Connection Status Metrics

pg_up

Type: Gauge Labels: None (can have constant labels if configured) Description: Indicates whether the last scrape was able to connect to the PostgreSQL server. Values:
  • 1 - Successfully connected to PostgreSQL
  • 0 - Failed to connect to PostgreSQL
Use cases:
  • Primary health check for PostgreSQL connectivity
  • Alerting on database unavailability
  • Uptime monitoring
Example PromQL:
# Alert when PostgreSQL is down
pg_up == 0

# PostgreSQL uptime percentage (over 1 hour)
avg_over_time(pg_up[1h]) * 100

# Count of PostgreSQL instances down
count(pg_up == 0)
Alert example:
- alert: PostgreSQLDown
  expr: pg_up == 0
  for: 1m
  labels:
    severity: critical
  annotations:
    summary: "PostgreSQL instance {{ $labels.instance }} is down"
    description: "PostgreSQL has been unreachable for more than 1 minute"

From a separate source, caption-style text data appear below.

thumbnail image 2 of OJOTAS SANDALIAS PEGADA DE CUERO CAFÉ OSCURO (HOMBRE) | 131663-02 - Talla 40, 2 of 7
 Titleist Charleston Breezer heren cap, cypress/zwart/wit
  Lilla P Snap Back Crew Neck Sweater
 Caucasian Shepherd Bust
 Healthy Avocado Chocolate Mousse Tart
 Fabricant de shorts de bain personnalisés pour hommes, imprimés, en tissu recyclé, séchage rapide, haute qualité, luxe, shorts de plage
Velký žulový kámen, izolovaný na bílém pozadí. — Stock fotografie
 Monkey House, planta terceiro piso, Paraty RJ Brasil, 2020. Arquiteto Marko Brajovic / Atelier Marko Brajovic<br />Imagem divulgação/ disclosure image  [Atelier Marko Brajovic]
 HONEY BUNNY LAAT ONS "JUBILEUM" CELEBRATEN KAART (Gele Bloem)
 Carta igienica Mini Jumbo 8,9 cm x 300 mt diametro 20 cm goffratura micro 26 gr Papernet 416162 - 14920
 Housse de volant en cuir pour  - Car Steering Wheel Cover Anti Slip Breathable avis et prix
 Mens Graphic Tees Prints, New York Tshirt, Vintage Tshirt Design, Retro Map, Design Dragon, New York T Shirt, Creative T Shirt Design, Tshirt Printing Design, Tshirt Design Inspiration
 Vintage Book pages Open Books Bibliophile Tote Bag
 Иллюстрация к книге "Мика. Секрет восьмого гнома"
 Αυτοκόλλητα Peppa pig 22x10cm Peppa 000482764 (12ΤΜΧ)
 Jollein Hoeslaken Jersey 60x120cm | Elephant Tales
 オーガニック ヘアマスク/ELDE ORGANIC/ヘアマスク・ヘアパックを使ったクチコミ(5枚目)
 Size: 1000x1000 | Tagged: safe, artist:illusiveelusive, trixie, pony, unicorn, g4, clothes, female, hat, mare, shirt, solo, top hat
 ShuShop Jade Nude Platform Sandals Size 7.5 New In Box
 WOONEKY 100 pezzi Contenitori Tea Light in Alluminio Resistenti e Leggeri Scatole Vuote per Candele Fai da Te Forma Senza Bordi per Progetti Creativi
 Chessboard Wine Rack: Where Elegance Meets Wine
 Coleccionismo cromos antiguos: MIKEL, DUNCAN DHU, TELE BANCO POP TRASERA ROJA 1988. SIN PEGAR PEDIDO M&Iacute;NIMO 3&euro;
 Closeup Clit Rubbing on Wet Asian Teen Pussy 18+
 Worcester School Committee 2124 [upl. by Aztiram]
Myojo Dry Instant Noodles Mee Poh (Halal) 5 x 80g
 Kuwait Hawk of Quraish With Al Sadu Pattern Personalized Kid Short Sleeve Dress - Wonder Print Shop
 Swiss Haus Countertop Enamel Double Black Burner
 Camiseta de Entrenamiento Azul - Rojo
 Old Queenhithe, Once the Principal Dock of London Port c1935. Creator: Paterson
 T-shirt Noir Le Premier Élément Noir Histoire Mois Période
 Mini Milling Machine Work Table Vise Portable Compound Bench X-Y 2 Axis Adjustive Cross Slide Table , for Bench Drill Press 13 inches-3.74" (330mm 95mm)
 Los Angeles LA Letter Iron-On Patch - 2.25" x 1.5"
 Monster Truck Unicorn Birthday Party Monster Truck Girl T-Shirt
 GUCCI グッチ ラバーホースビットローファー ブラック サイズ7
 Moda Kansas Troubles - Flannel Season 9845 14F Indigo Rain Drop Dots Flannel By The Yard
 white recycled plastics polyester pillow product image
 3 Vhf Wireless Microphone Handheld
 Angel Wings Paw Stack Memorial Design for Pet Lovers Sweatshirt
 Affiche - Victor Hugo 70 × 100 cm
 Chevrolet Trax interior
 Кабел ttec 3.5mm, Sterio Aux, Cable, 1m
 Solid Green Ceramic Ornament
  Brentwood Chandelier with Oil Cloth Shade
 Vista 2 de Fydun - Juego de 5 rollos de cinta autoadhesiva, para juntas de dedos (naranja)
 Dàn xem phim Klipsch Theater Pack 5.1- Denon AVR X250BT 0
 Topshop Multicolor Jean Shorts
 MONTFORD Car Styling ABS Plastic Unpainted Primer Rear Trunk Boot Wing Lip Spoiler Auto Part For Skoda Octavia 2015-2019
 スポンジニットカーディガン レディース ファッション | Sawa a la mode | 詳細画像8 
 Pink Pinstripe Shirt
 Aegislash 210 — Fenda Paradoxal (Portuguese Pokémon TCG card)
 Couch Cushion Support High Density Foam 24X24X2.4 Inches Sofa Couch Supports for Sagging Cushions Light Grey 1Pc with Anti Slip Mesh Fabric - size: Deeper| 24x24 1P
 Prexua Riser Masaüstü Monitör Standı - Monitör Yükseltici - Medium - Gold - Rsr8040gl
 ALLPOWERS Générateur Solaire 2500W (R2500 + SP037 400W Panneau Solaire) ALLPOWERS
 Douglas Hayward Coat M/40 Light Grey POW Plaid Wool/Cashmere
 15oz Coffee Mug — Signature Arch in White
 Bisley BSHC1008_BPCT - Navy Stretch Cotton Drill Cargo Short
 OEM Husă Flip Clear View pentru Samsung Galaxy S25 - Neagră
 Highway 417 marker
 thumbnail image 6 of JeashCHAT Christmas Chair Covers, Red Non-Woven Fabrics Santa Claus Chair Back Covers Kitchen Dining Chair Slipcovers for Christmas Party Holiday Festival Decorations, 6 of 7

Scrape Performance Metrics

pg_exporter_last_scrape_duration_seconds

Type: Gauge Labels: None (can have constant labels if configured) Description: Duration of the last scrape of metrics from PostgreSQL in seconds. Use cases:
  • Monitoring exporter performance
  • Identifying slow metric collection
  • Capacity planning
Example PromQL:
# Alert on slow scrapes
pg_exporter_last_scrape_duration_seconds > 10

# Average scrape duration over time
avg_over_time(pg_exporter_last_scrape_duration_seconds[5m])

# Scrape duration trend
deriv(pg_exporter_last_scrape_duration_seconds[1h])

pg_exporter_scrapes_total

Type: Counter Labels: None (can have constant labels if configured) Description: Total number of times PostgreSQL was scraped for metrics. Use cases:
  • Monitoring scrape frequency
  • Calculating error rates
  • Verifying exporter is running
Example PromQL:
# Scrape rate per minute
rate(pg_exporter_scrapes_total[1m])

# Total scrapes in the last hour
increase(pg_exporter_scrapes_total[1h])

pg_exporter_last_scrape_error

Type: Gauge Labels: None (can have constant labels if configured) Description: Whether the last scrape of metrics from PostgreSQL resulted in an error. Values:
  • 1 - Last scrape encountered an error
  • 0 - Last scrape was successful
Use cases:
  • Detecting metric collection failures
  • Alerting on persistent errors
  • Debugging exporter issues
Example PromQL:
# Alert on scrape errors
pg_exporter_last_scrape_error == 1

# Error rate (percentage of failed scrapes)
rate(pg_exporter_last_scrape_error[5m]) * 100

# Has been failing for more than 5 minutes
pg_exporter_last_scrape_error == 1 and 
  pg_exporter_last_scrape_error offset 5m == 1
Alert example:
- alert: PostgreSQLExporterScrapeFailing
  expr: pg_exporter_last_scrape_error == 1
  for: 5m
  labels:
    severity: warning
  annotations:
    summary: "PostgreSQL exporter scrape failing for {{ $labels.instance }}"
    description: "The exporter has been unable to scrape metrics for more than 5 minutes"

Per-Collector Metrics

These metrics are exposed for each enabled collector, allowing fine-grained monitoring of individual collector performance.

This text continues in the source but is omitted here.